Schouwen, het noordelijkste eiland, grenst ten noorden aan het Brouwershavensche Zeegat, ten oosten aan Duiveland, ten zuiden aan de Ooster-Schelde en ten westen aan de Noordzee. Het is aan de zeezijde door duinen en voor ’t overige door dijken beveiligd en thans met Duiveland vereenigd. Men vindt er de steden Zierikzee en Brouwershaven. St. Philipsland is veel kleiner en door uitgestrekte ondiepten omgeven. Tusschen de beide armen der Schelde liggen Walcheren met Middelburg (de hoofdstad der provincie) en Vlissingen met eene uitmuntende haven, beide aan den spoorweg, en Noord-Beveland, door het Veersche Gat van Walcheren gescheiden en door het Zuidvliet van Wolfaartsdijk, hetwelk thans vereenigd is met het vruchtbare en prachtige Zuid-Beveland. Hier ligt de stad Goes.

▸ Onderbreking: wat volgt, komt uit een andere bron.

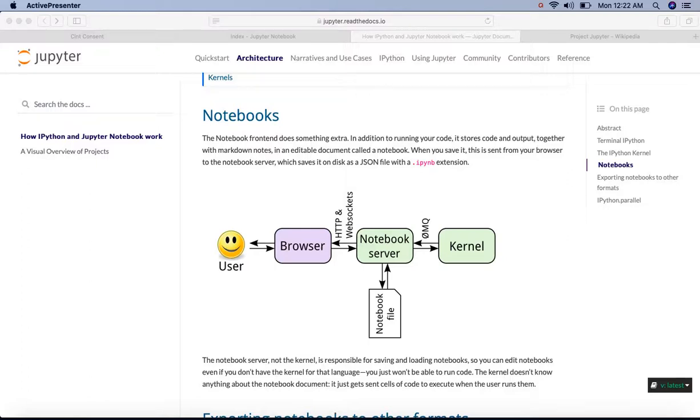Hi, this is Jay from Analytics Bay. In this video, we are going to see how the Jupyter Notebook works. So let's get started.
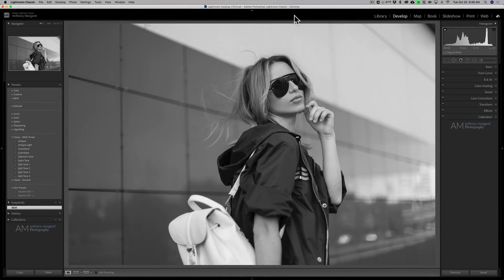Hey guys, this is Anthony Morganti. I am MrPhotographer.com. Today, Adobe updated Lightroom Classic to version 10. I consider this to be a major upgrade. They have a few new features, but one of those new features, in my opinion, is a major new feature. In this video, I'm going to talk about two of the new things that are in Lightroom Classic version 10.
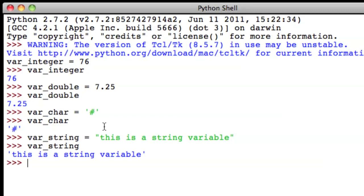The final type of variable that I like to tell you about is called a boolean. This variable can only have one of two values, either true or false. So let's create a boolean variable, var underscore bool.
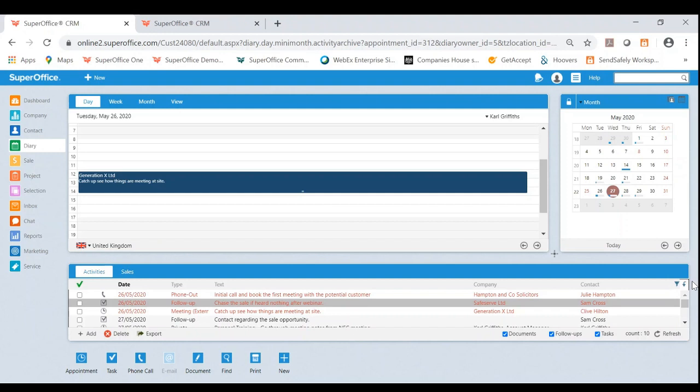The feature I'm going to be referring to in today's video is the diary and using that drag and drop feature. As you can see, we are currently in the diary module of SuperOffice.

Het was door het Sloe van Walcheren en door het Kreekrak van Noord-Brabant gescheiden, maar is door de afdamming der Ooster-Schelde met dit laatste verbonden. De spoorweg van Walcheren naar het vaste land loopt door Zuid-Beveland, waar in het belang van de scheepvaart een kanaal is gegraven, om den waterweg langs de Ooster-Schelde te vervangen. Het gedeelte van het oude graafschap Vlaanderen, hetwelk tot Zeeland behoort, wordt ook wel Zeeuwsch Vlaanderen genoemd en droeg tijdens de Republiek als een van de Generaliteitslanden den naam van Staats-Vlaanderen. Men heeft er het kanaal van Ter-Neuzen naar Gent, met een zijtak naar Axel en Hulst. Voorts heeft men er de plaatsen: Oostburg, Aardenburg, Yzendijke, Biervliet en Sas van Gent.

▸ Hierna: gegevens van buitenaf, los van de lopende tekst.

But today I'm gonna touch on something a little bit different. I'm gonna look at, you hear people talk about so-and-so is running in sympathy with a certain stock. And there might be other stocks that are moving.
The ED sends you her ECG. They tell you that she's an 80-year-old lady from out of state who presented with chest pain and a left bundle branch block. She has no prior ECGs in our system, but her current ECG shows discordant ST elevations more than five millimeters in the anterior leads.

De oudste geschiedenis der bewoners van Zeeland ligt in het duister. Het schijnt, dat dit gewest bij de invallen der Noormannen in de 9de eeuw bewoond was door de Suéven. Later werd het een twistappel tusschen de graven van Holland en die van Vlaanderen. Beiden maakten aanspraak op het bezit en het geschil werd aangewakkerd door den handelsnaijver met betrekking tot de tollen. Zoo ontstonden hevige oorlogen, totdat Zeeland door een verdrag van 1323 aan de graven van Holland werd toegekend.

Deze hadden zich reeds vóór dien tijd ook graven van Zeeland genoemd. Het was eerst een afzonderlijk graafschap en later eene afzonderlijke provincie, maar steeds op het naauwst met Holland vereenigd. Na de inneming van den Briel in 1572 werd ook door Vlissingen en Veere het Spaansche juk afgeworpen, en de Zeeuwen hebben in onzen onafhankelijkheids oorlog met moed gestreden. Na den Vrede van Munster onderscheidden zij zich door gehechtheid aan het Huis van Oranje, Na het vertrek van Willem V in 1795 werd Zeeland door de Franschen bezet en maakte vervolgens een deel uit van de Bataafsche Republiek, voorts van het Koningrijk Holland, totdat het na den inval der Engelschen in 1809 werd ingelijfd in het Fransche Keizerrijk. Bij de herstelling onzer onafhankelijkheid eindelijk werd het eene provincie van het Koningrijk der Nederlanden.